Shrewsbury discusses next steps regarding hexavalent chromium


Shrewsbury discusses next steps regarding hexavalent chromium
Water and Sewer Superintendent Dan Rowley showcases part of the Home Farm Water Treatment Plant. This photo shows a pilot program to address PFAS chemicals, which is separate from Shrewsbury’s Hexavalent Chromium pilot program. (Photo/Laura Hayes)

SHREWSBURY – Filtration systems would not be able to fully remove hexavalent chromium from Shrewsbury’s water supply, instead making a slight dent in the chemical’s prevalence, according to a recent presentation to the Board of Selectmen.

Additionally, work to install a filtration system would cost about $7.7 million and would nearly double the size of the water treatment plant.

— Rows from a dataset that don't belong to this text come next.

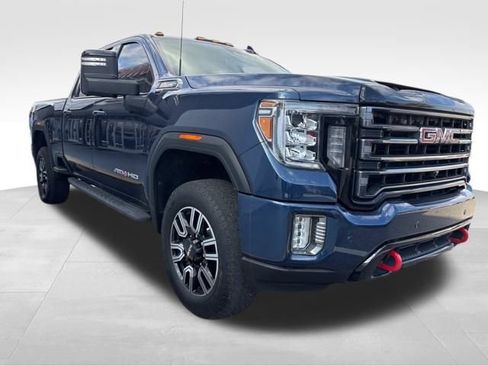 Certified 2022 GMC Sierra 2500 AT4 w/ AT4 Premium Plus Package image 3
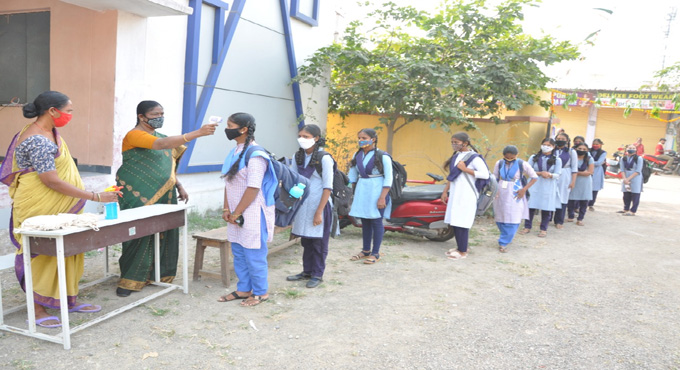 Mancherial School gives traditional touch to welcome students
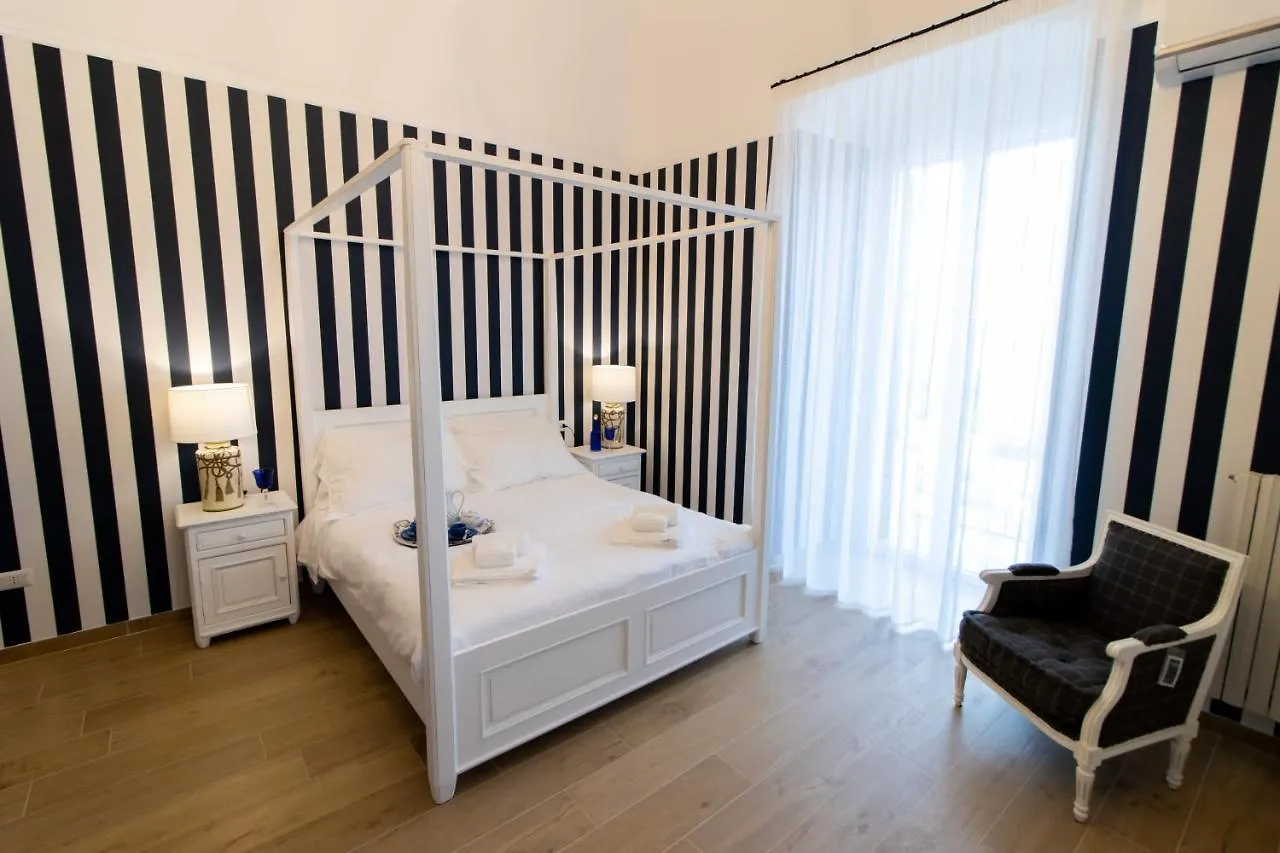 Affittacamere Hotel Le Residenze Del Capitano Bari Italia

As a result, Shrewsbury is not moving forward with any new filtration systems, for the time being, opting instead to continue monitoring for hexavalent chromium, which has continued to be a topic of discussion in the town for several years, though rates are now well below federal standards for total chromium.

Hexavalent chromium discussion dates back to 2013

Town staff and a consultant presented their next steps to the Shrewsbury Board of Selectmen on March 22, almost a year and a half after they re-started a pilot program assessing hexavalent chromium in the town’s water supply and seeking ways to filter it.

“We’ve been monitoring, taking samples on a fairly routine basis since 2016 and continue to do so, and we have not seen a vast change in the hexavalent chromium concentrations,” Director of the Department of Public Works Jeffery Howland told the selectmen.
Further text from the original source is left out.